Civitanova capitale della danza italiana:
in arrivo la piattaforma Nid
EVENTO - Dal 1° al 4 ottobre la prestigiosa vetrina nazionale della coreografia contemporanea fa tappa nelle Marche con 24 spettacoli, progetti inediti e grandi nomi della scena internazionale. Ieri a Roma la presentazione

Sarà Civitanova a ospitare l’edizione 2025 della Nid Platform, la più importante vetrina della danza contemporanea italiana. In programma dal 1° al 4 ottobre, l’evento si conferma appuntamento strategico per la promozione della scena coreutica nazionale, con un respiro sempre più internazionale. Dopo tappe in città come Reggio Emilia, Salerno, Brescia e Cagliari, la piattaforma arriva a Civitanova con 24 proposte coreografiche tra spettacoli, performance site-specific e progetti in divenire.
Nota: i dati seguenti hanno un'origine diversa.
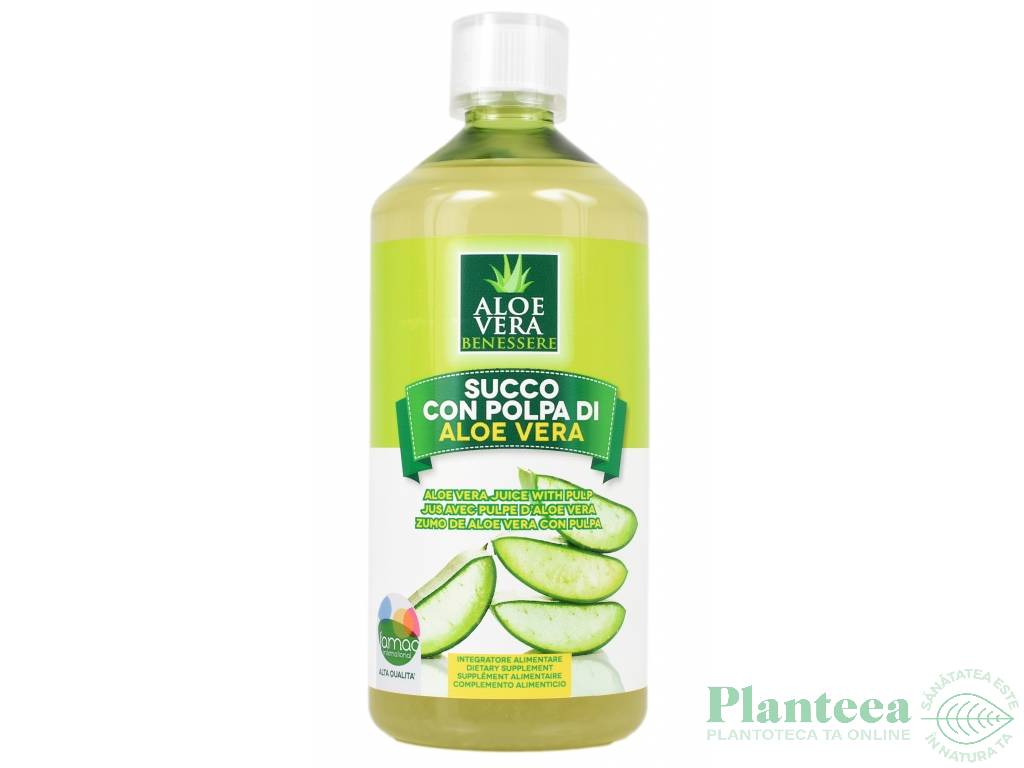 Suc aloe vera pulpa natur 1L - BENESSERE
Nelle quattro giornate la città sarà tappa di compagnie affermate, giovani talenti, critici, operatori, direttori di festival e teatri da tutta Italia e dall’estero: nel cartellone figurano alcuni dei protagonisti più riconosciuti della scena: Jacopo Godani, già collaboratore di William Forsythe; Enzo Cosimi, caposcuola della coreografia d’autore italiana; Alessandro Sciarroni, Leone d’Oro alla carriera alla Biennale di Venezia; Silvia Gribaudi, nota per la sua ironia dissacrante sul corpo; Monica Casadei, che porterà a Civitanova un affondo sullo Stabat Mater di Rossini; Simona Bertozzi, con la sua nuova creazione per il Balletto Teatro di Torino. Accanto a loro, i giovani emergenti che stanno segnando il cambiamento generazionale della danza italiana: Sofia Nappi, Adriano Bolognino, Elisa Sbaragli, Ilenja Rossi, Giovanni Insaudo, Vittorio Pagani, Camilla Monga, Virginia Spallarossa, il duo Kor’sia da Madrid.
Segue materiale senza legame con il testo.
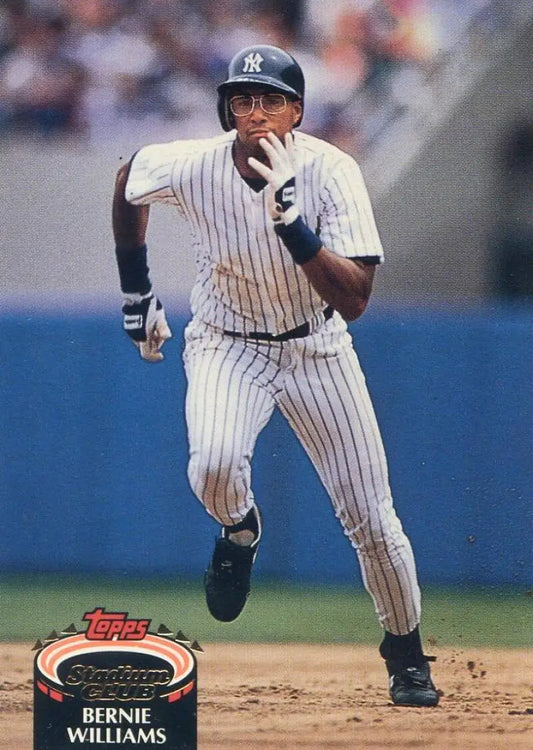Bernie Williams in New York Yankees pinstripes running bases on a Topps Stadium Club card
Ampio spazio sarà dedicato alla sezione “Fuori Formato”, con performance che dialogano con la città: dalla festa urbana Le classique c’est chic di Anna Basti, all’installazione coreografica redrum di Marco Valerio Amico e Rhuena Bracci, fino a Swan di Gaetano Palermo, rilettura in chiave contemporanea del celebre Le cygne. Nella sezione Open Studios, sei progetti ancora in fase creativa offriranno uno sguardo privilegiato sul futuro della danza, tra cui i lavori di Gianmaria Borzillo, Laura Gazzani, Parini Secondo x Bienoise, Vittorio Porcelli, Claudio Scalia e Stefania Tansini, Premio Ubu 2022. A completare il programma, gli appuntamenti riservati agli operatori “Italian Windows”, curati dal critico Carmelo A. Zapparrata, che guideranno alla scoperta di altre 12 compagnie italiane.
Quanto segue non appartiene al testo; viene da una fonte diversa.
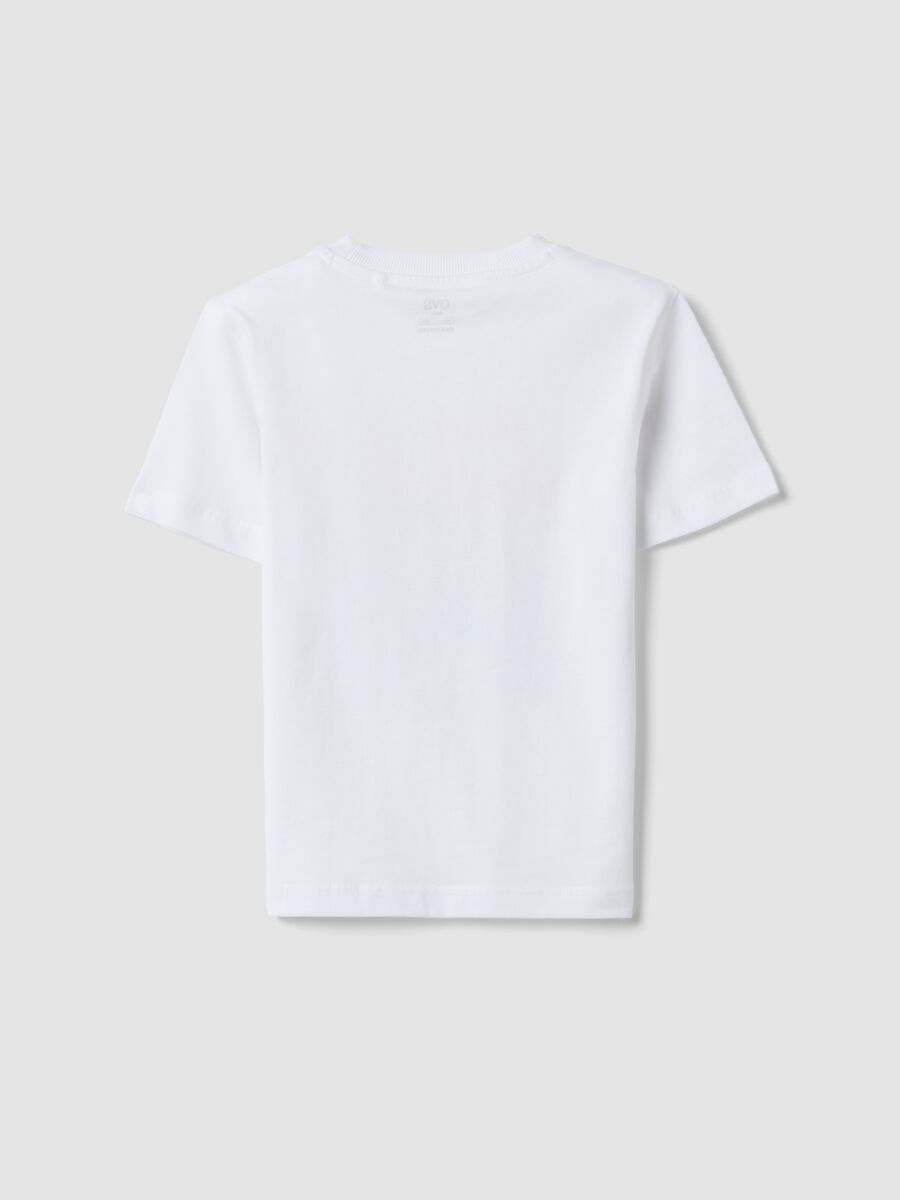 White pure cotton boys&rsquo; T-shirt with sailing print_1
Ieri a Roma al Ministero della Cultura la presentazione del progetto alla presenza dell’assessore regionale Chiara Biondi, del sindaco Fabrizio Ciarapica, della presidente dei TdC Maria Luce Centioni, del direttore artistico di Amat Gilberto Santini e Piero Celani presidente e con la partecipazione di Patrizia Coletta, coordinatrice del progetto.